Good Morning, or afternoon or evening or morrow (whatever the heck that means) in case you're in some stupid time zone,
You were getting nervous weren't you? You were like "OMG it's after 11, and Emily has not blogged yet!" Well have no fear, I am blogging now..in my bed..naked...with caramel rice cakes. Okay, I lied..but I am blogging. I am EXHAUSTED, so I am praying this stays clear enough to be read...but consider this your warning...I am not responsible for any time wasted reading this.
First of all, I wanted to tell all of you to make sure you stay friends with me. Why you ask? Well that way when I'm famous, you can sell all my dirty secrets to the press and tabloids for tons of money. I am still reading Oprah's book in case you're wondering why I am bringing this up; I am just trying to help you out. I know Oprah's relatives are currently making enough money to buy one of Oprah's toenail clippings on Ebay just by selling all her lies and secrets.
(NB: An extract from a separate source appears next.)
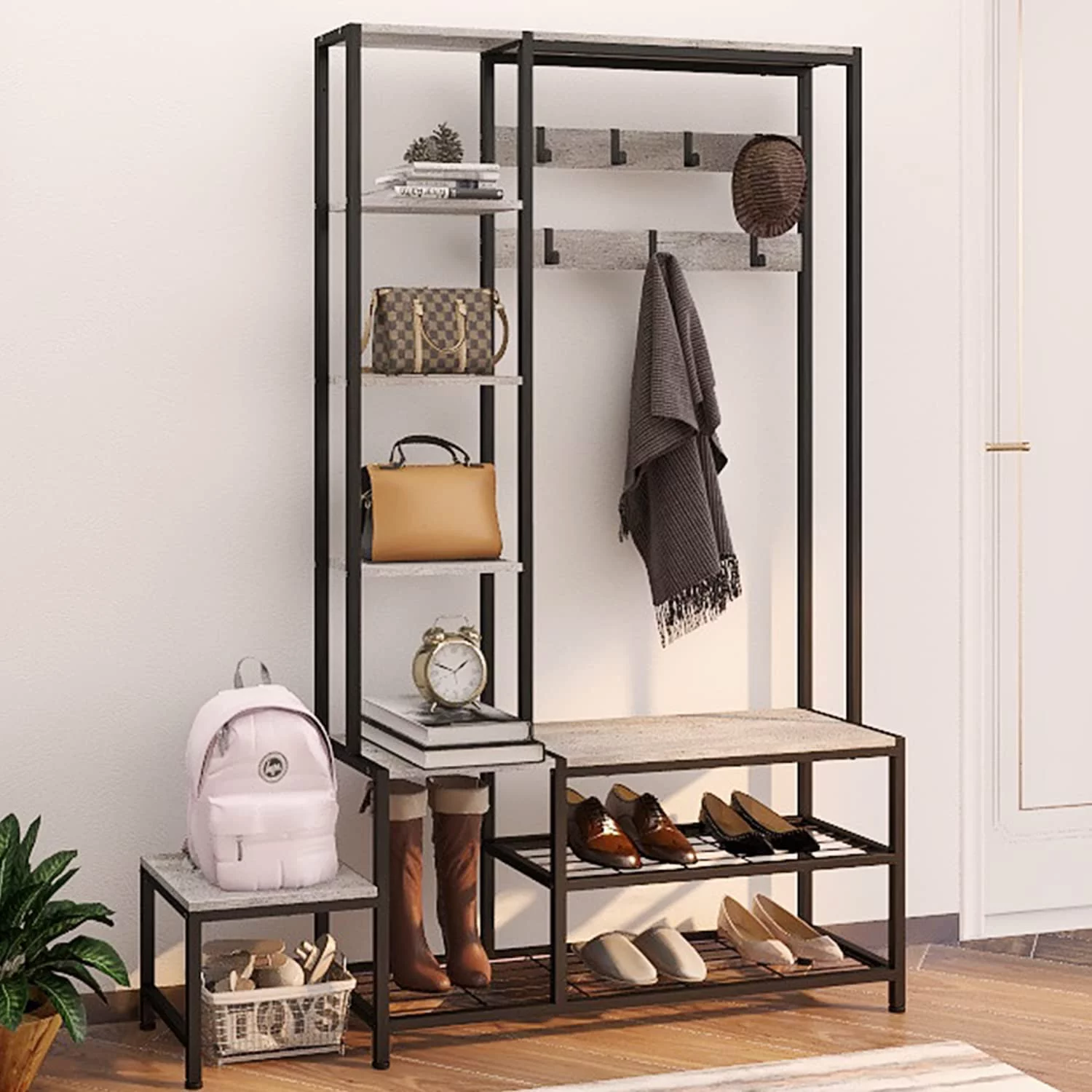 YGDU Hall Tree with Shoe Storage Bench, Coat Rack with 7 Hooks,Interchangeable 4 Tier Side Storage Shelves, Small Cute Side Bench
Now, it seems like a good plan, but Oprah seems to have a lot more secrets than me. Contrary to popular belief, I was not wrongly elected as Miss Black Nashville...I was third runner up. But I am giving you a free secret...so someone better call dibs. I am an acclaimed, proud, educated, ten toe having vegetarian, and I make sure everyone knows that it has been almost a year and a month. But I will let you all know my shameful secret...I keep beef jerkey in my socks....but that's just so my feet don't stink. The real secret is...on March 14th, 2010, I was having pizza at my grandmas. My dad got a half cheese, half pepperoni pizza. I took a bit of what I thought was cheese..BUT MUCH TO MY SURPIRSE IT WAS A PEPPERONI! It was trying to trick me, but I caught the rascal before I swallowed it. I am still so very ashamed though...God Save the Queen. But that secret has to be worth at least like $16.75 to the National Enquirer right now or something.
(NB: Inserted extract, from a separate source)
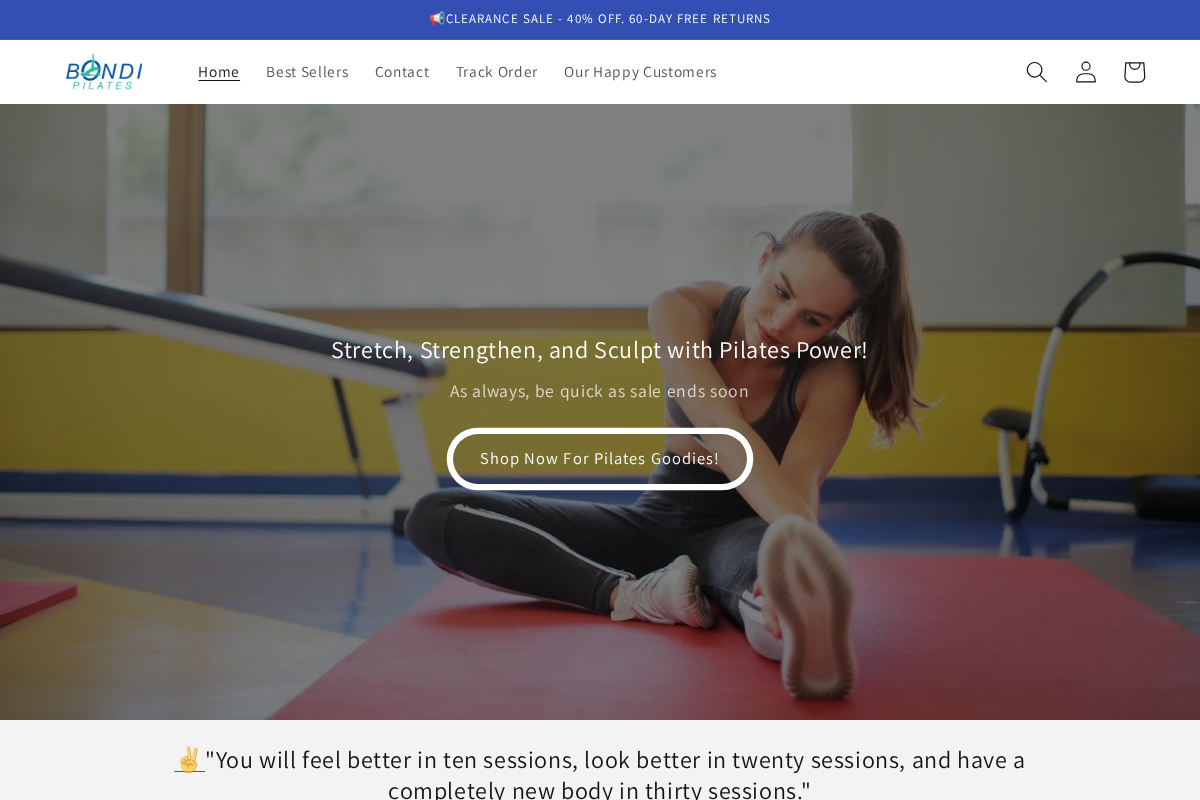 Bondipilatesco homepage screenshot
Other than my usual, run, work, eat, and baptize people routine, I went to Colin's house today. He was soooo pumped to show me his garage sale purchase...he paid 20 dollars for it. I must say that the moment he showed me this purchase, I knew I was in love. The heavens opened and flutes and harps played in the background. Twinkies fell from the sky, and Justin Beiber was singing with the harps and flutes. That is how wonderful this purchase was; I was so proud of him. Colin bought himself 23 WWE action figures complete with a table and ladder (for those of you who haven't been sucked into the hole of male soap opera..those are wrestling action figures.) He and I will play with them soon.
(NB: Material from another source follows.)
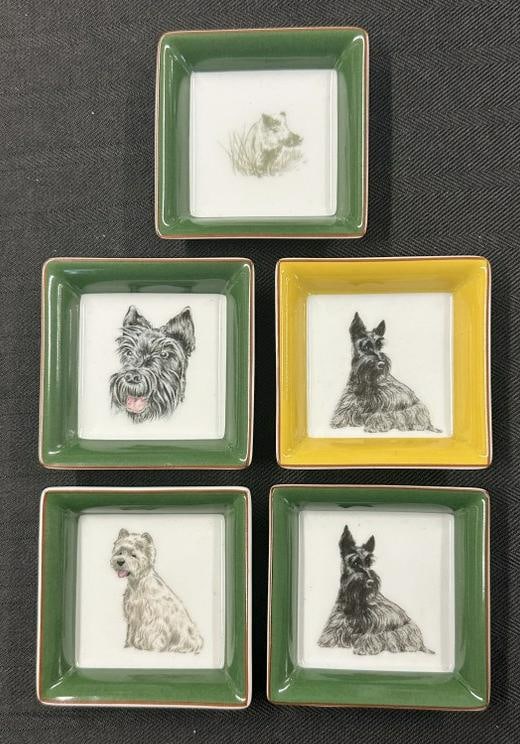 (5) HERMES small ashtrays, some with Scottish Terriers, in fine condition, they measure 3.25" x: (5) HERMES small ashtrays, some with Scottish Terriers, in fine condition, they measure 3.25" x 3.25". From the estate of world renowned Scottish Terrier enthusiast, breeder and collector William "Bil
Well, I am ever so tired...and I have to be a sandwich artist again tomorrow. God Speed John Smith.
Keep Letting It Be,
Em
soooo...ex-roommate, I didn't know you had a blog! Then again, I didn't have one until 5 minutes ago! As always you crack me up! Can't wait to hear more of your adventures.
ReplyDelete-Alyssa (you better not have forgotten me or I will be very sad)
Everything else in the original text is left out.